Loading the required libraries

#install.packages("XML")
require(XML)
## Loading required package: XML
library(RCurl)
library(XML)
library(jsonlite)
library(dplyr)
## 
## Attaching package: 'dplyr'
## The following objects are masked from 'package:stats':
## 
##     filter, lag
## The following objects are masked from 'package:base':
## 
##     intersect, setdiff, setequal, union
library(knitr)

loading from HTML

# loading from HTML
html_url = "https://raw.githubusercontent.com/metis-macys-66898/data_607_sp2020/master/assignment_7.html"
html_url
## [1] "https://raw.githubusercontent.com/metis-macys-66898/data_607_sp2020/master/assignment_7.html"
html_books = readHTMLTable(getURLContent(html_url))[[1]]
kable(html_books)
title author ISBN-13 pages Date_of_Published
The War on Normal People: The Truth About America’s Disappearing Jobs and Why Universal Basic Income Is Our Future Andrew Yang 978-0316414210 304 April 2, 2019
Work Rules!: Insights from Inside Google That Will Transform How You Live and Lead Laszlo Bock 978-1455554799 416 April 7, 2015
Data Science in R: A Case Studies Approach to Computational Reasoning and Problem Solving (Chapman & Hall/CRC The R Series) Deborah Nolan, Duncan Temple Lang 978-1482234817 539 April 21, 2015

loading from XML

# make sure xml file is ridded of any special characters in XML like ampersand (&) and apostrophe (')
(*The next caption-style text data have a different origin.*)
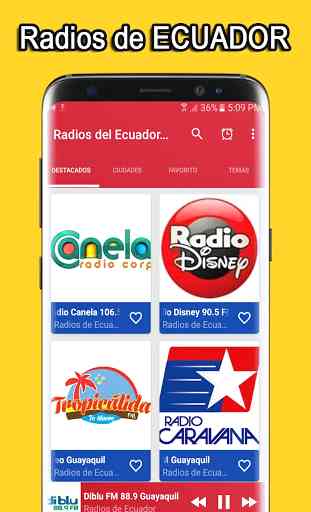 Radios del Ecuador en Vivo - Radio Ecuador Gratis 1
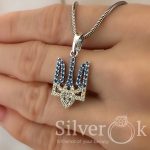 Підвіска Тризуб з фіанітами 32094/4 - Зображення 2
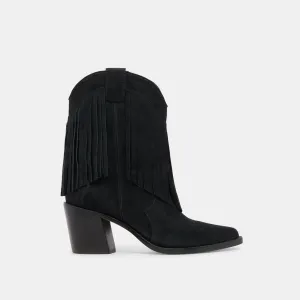 KAYLIE STIEFEL SCHWARZ NUBUK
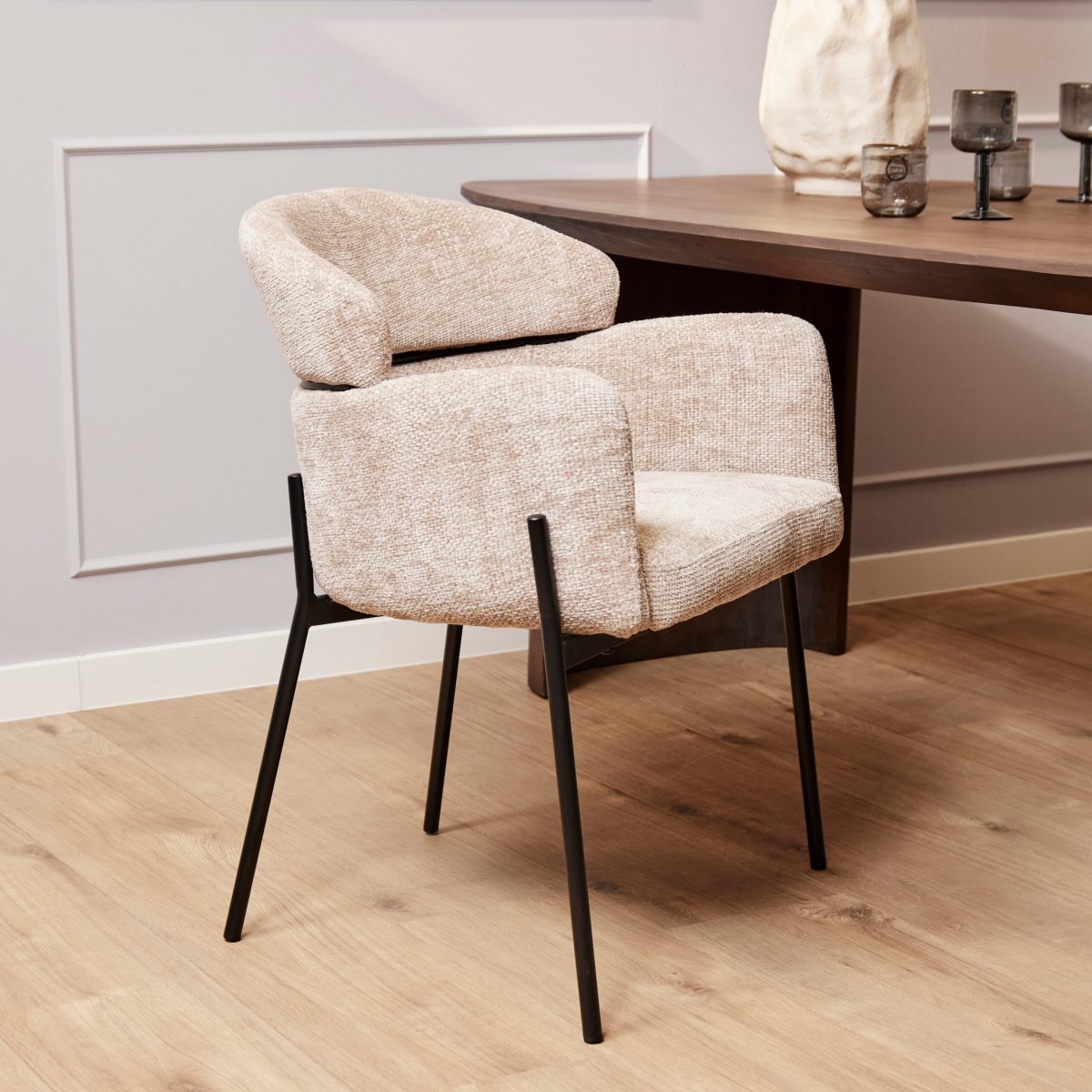 Eetkamerstoel Otis | Beige - Afbeelding 2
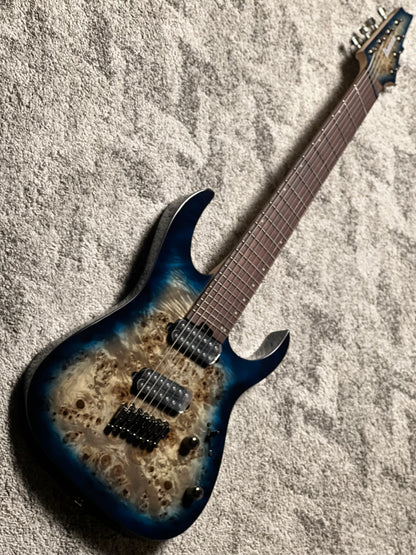 Ibanez RGMS7PB-CBS 7-String in Cosmic Blue Starburst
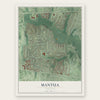 Mantua, Virginia map print, the full design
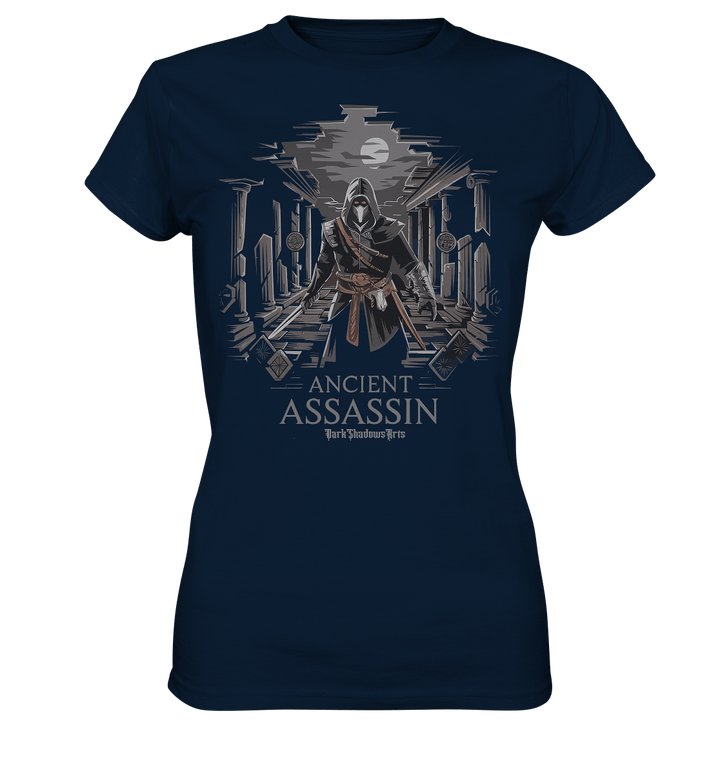 Ancient Assassin – Der Tod in historischer Nacht - Ladies Premium Shirt | Lady - Shirts | Dark Shadows Arts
xml_url = "https://raw.githubusercontent.com/metis-macys-66898/data_607_sp2020/master/assignment_7.xml"
xml_url
## [1] "https://raw.githubusercontent.com/metis-macys-66898/data_607_sp2020/master/assignment_7.xml"
xml_books = xmlToDataFrame(xmlParse(getURLContent(xml_url)))
kable(xml_books)
title author ISBN-13 pages Date_of_Published
The War on Normal People: The Truth About America’s Disappearing Jobs and Why Universal Basic Income Is Our Future Andrew Yang 978-0316414210 304 April 2, 2019
Work Rules!: Insights from Inside Google That Will Transform How You Live and Lead Laszlo Bock 978-1455554799 416 April 7, 2015
Data Science in R: A Case Studies Approach to Computational Reasoning and Problem Solving (Chapman & Hall/CRC The R Series) Deborah Nolan, Duncan Temple Lang 978-1482234817 539 April 21, 2015

loading from JSON

# the characteristics with JSON is even with filename is case sensitive

json_url = "https://raw.githubusercontent.com/metis-macys-66898/data_607_sp2020/master/assignment_7.JSON"
json_url
## [1] "https://raw.githubusercontent.com/metis-macys-66898/data_607_sp2020/master/assignment_7.JSON"
json_books = fromJSON(json_url)[[1]]
kable(json_books)
title author ISBN-13 pages Date_of_Published
The War on Normal People: The Truth About America’s Disappearing Jobs and Why Universal Basic Income Is Our Future Andrew Yang 978-0316414210 304 April 2, 2019
Work Rules!: Insights from Inside Google That Will Transform How You Live and Lead Laszlo Bock 978-1455554799 416 April 7, 2015
Data Science in R: A Case Studies Approach to Computational Reasoning and Problem Solving (Chapman & Hall/CRC The R Series) Deborah Nolan, Duncan Temple Lang 978-1482234817 539 April 21, 2015

Checking to see if HTML and XML has any content differences in the two data.frames

all_equal(html_books, xml_books)
## [1] TRUE

Checking to see if HTML and JSON has any content differences in the two data.frames

all_equal(html_books, json_books)
## [1] "Incompatible type for column `title`: x factor, y character"            
## [2] "Incompatible type for column `author`: x factor, y list"                
## [3] "Incompatible type for column `ISBN-13`: x factor, y character"          
## [4] "Incompatible type for column `pages`: x factor, y integer"              
## [5] "Incompatible type for column `Date_of_Published`: x factor, y character"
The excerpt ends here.